According to our account, the proponent of an offer only needs to argue in support of the offer’s being expedient for the interlocutor, rather than arguing in support of the offer’s being expedient, let alone maximally expedient, for both. We think an exchange of such expediency arguments is more in line with the distribution of labor that is typical for negotiation; all the same, it provides the participants with a method for arriving at an optimal outcome.
 
2.
According to our account, each counteroffer can be reconstructed as containing a denial of a premise in the interlocutor’s previous expediency argument, even when no specific argument is advanced against the previous offer. In consequence, each counteroffer both adds to the persuasion dialogue about the expediency of the previous speaker’s offer as well as to a newly initiated persuasion dialogue about the current speaker’s new offer. We think that even a mere exchange of offers and counteroffers, without any supplementary arguments, allows of a plausible argumentative reconstruction in which the parties respond to one another, be it minimally.
 
3.
As said before, we reconstruct a negotiation dialogue as an exchange of offer and counteroffer, and conceive of the implicit arguments that play a role, as well as of the additional explicit arguments, as part of embedded persuasion dialogues. We do not want to suggest that the exchange of offer and counteroffer can be reduced to an exchange of argument and counterargument.
 
4.
In the next section, we extend our account of negotiation to the settlement of differences of opinion about practical issues; thus we do not restrict our account to differences of interest, as Mohammed seems to do.
 
All these differences are a kind of subtle. What we want to stress is that our account and Mohammed’s are structurally quite similar.

3 An Argumentative Reading of Splitting a Difference of Opinion

We now want to apply the argumentative way of understanding bargaining dialogues and, generally, negotiation dialogues starting from a difference of interests to negotiation dialogues starting from a difference of opinion about action proposals. For this we return to the difference of opinion between the Labor Party and the Liberal Party in Sect. 1.
Remember that, in the coalition talks of 2012, the Labor Party favored a green policy of increasing the level of renewable energy to 18% in 2020 in combination with abolishing taxes of self-generated electricity from solar panels, whereas the Liberal Party favored an economizing policy of increasing renewable energy to only 14% in combination with maintaining taxes on solar panels. When trying to build a coalition, the negotiators of the two parties may or may not have started their discussion of these issues with a persuasion dialogue. If they did, let us suppose that no resolution could be found and that therefore a proposal to shift to negotiation was accepted. Imagine further that the Labor Party tables the following opening offer: “If you accept the 18% level for 2020 and forgo your demand to restrict the increase to only 14%, we would be willing to accept to maintain taxes on solar panels and forgo our demand to abolish those taxes.”
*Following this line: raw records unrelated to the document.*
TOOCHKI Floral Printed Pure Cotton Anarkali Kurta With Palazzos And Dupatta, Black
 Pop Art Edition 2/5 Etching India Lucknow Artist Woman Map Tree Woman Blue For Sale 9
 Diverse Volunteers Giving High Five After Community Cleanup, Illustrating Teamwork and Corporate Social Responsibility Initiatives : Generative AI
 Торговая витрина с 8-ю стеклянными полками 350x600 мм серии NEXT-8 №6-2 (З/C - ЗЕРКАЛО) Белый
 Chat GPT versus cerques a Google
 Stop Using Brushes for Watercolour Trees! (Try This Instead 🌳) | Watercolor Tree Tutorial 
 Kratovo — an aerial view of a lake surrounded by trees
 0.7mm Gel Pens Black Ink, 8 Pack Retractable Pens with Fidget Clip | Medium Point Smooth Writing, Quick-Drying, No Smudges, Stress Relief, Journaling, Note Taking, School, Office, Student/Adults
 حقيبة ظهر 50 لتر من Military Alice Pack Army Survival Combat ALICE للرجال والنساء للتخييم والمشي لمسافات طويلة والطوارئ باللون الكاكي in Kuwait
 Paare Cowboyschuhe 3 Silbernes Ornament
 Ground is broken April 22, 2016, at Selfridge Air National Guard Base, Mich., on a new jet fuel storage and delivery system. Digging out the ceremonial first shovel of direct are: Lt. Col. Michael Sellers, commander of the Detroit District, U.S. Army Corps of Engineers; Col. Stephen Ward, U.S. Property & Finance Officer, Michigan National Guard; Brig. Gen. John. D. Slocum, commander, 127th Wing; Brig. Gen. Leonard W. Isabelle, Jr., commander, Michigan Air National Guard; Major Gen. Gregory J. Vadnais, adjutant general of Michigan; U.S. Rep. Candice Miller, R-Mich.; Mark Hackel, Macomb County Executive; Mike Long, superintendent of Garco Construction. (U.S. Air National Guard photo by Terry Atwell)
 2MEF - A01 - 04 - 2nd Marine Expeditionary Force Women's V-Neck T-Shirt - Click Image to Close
The negotiation dialogue into which the two parties now enter is somewhat more complex than the dialogue between the salesman and the customer. In the latter dialogue, it is plausible that the degree to which the one party would profit from any outcome quite closely matches the degree to which the other party pays for it. In the current dialogue, however, it is plausible that solutions can be developed that are, for both parties, more advantageous than other solutions, so that they will be preferred by both parties. Those compromise candidates that do not allow of a revision that is preferred by both parties can be labeled “efficient” compromise solutions,10 and one compromise candidate can be characterized as more or less likely to be efficient than another one.11
The exchange of expediency arguments can be expected to lead the participants in the direction of an efficient outcome. When a compromise is accepted, both parties will generally assume that there is no other compromise solution available that would be better for both of them, i.e. they will assume that the compromise is efficient. Indeed, no offer will be tabled unless its proponent considers it to be maximally advantageous for himself in the social context at hand, i.e. unless he thinks that any offer that would be more advantageous for himself would not be acceptable for his opponent. Also, no offer will gain the acceptance of the opponent unless the accompanying expediency argument will convince her that, in this context, this offer will yield for her the best achievable outcome, i.e. that a counteroffer yielding a better outcome for her would not be acceptable for the proponent. Each expediency argument will be critically probed, and if a participant supposes an offer to be deficient she will challenge one of the argument’s premises.12
The Liberal Party may respond in various ways to the Labor Party’s opening offer. First, the liberals could accept the offer, and close the deal. Second, they could reject the offer and table a counteroffer based upon the same method of distributing items, saying for example: “If you accept our 14% and forgo your 18%, we would be willing to accept an abolishment of taxes on solar panels and forgo our demand to maintain them.” Third, they could table a counteroffer based on a different method of distributing items, saying for example: “Let’s settle on a moderate increase of only 16% and only a moderate taxation of solar panels by introducing some kind of fiscal benefit.” Both counteroffers would provide the Labor party with information that this party can exploit in order to devise a countercounteroffer, if not yet satisfied. In the first counteroffer the liberals disclose their willingness to accept an abolishment of taxes on solar panels as part of a future compromise, and in the second counteroffer they show the softening and moderation of their demands to be a real option. Whereas the details of the actual negotiations are not available, it is known that the outcome has been that the two parties that constituted the coalition government of 2012 opted for this last option of moderation: They decided to subscribe to the compromise of 16% renewable energy in 2020 and some fiscal benefits for producers of renewable energy (Visser 2012).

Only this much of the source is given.